My flight from Paris to Köln was filled with this one really loud, obnoxious German family that kept yelling from the front of the plane to the back, but luckily I had my own seat next to the window.I couldn't sleep over the din of the children screaming and the noise of the wind through my (I swear it was cracked) window. By the time I got to the Köln airport, I felt like I was never going to make it, and due to the lack of sleep or lack of food or something, I was kind of twitching like a crack addict which was embarrassing. The Köln airport was basically like no-man's land. There was hardly anyone there. I followed the signs to the trains, and got on a train to the actual train station. That was an ordeal in itself, because I didn't have any 5 or 10 Euro bills, so I had to go buy something, come back and buy a ticket, then get on the wrong train where I couldn't lift my suitcase up the steps due to the weak arms and twitching (a nice German man helped me) and my ticket wasn't even checked. (Insert deep breath here). I finally made it to the Köln train station where I trekked to the opposite end to find the information desk, and was informed that a speed train was leaving in six minutes. So I raced (or whatever you call hobbling with weak arms dragging my suitcase and camera bag and million pound backpack with all my layers of clothing and sweating) all the way back to the other end. I took the escalator up to the platforms only to find out I was on the wrong side of the tracks. So I went back down and came up on the right side, boarded the train that was already there, and sat down in the first seat available. Turns out that seat was first class and cost 18 more Euro than second class. But a stampede of elephants was not going to make me pick up my bags and move, so I gladly handed over the money and made it to Aachen. Praise Jesus, my hotel was right across the street from the exit of the train station, so I walked over to it, dragging my baggage across the cobblestone street while the wheels rattled like they were about to die. Here's a picture of my hotel (I didn't take this though).

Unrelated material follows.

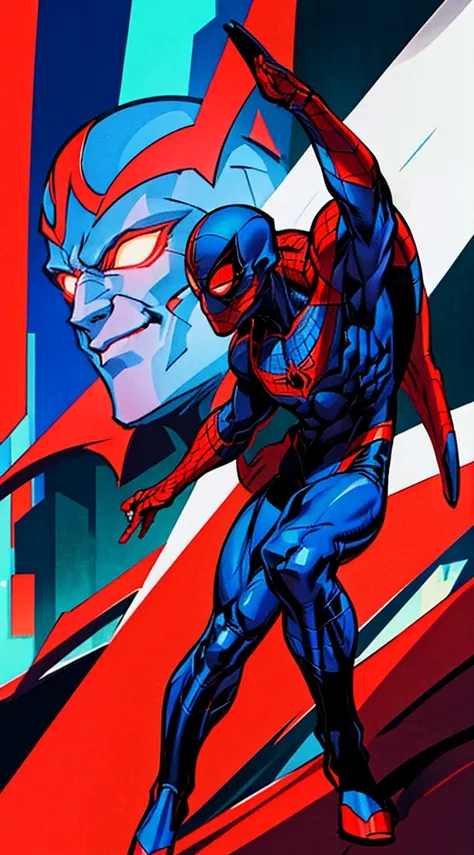 Spider-Man(2099),kick in combat,located NY,8k,ultra detail,high quality,ultra precision,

The door was locked when I got to it, so I followed the sign around the corner to another hotel to get the key from the receptionist there. He was a nice English speaking German man who gave me a map to the city and held the door open for me and my luggage.
It also turns out that the first floor in Germany really means the second floor, as it goes Ground, 1, 2, 3...etc.
After a grueling 20 hour trip, I had no desire to brave the local German cafes and instead opted for the only thing I could remember how to say, "McChicken".
For breakfast this morning, I ate in the little breakfast nook where they had a buffet of bread, cheeses, fruit, cereal, and weird eggs in cups that I didn't understand, so I didn't eat those. A lady offered me the choice of Kaffee oder Tee, so I had a nice cup of hot tea as well as some freshly squeezed orange juice. All in all, it definitely feels like I'm in Europe.Wilkommen zu Aachen!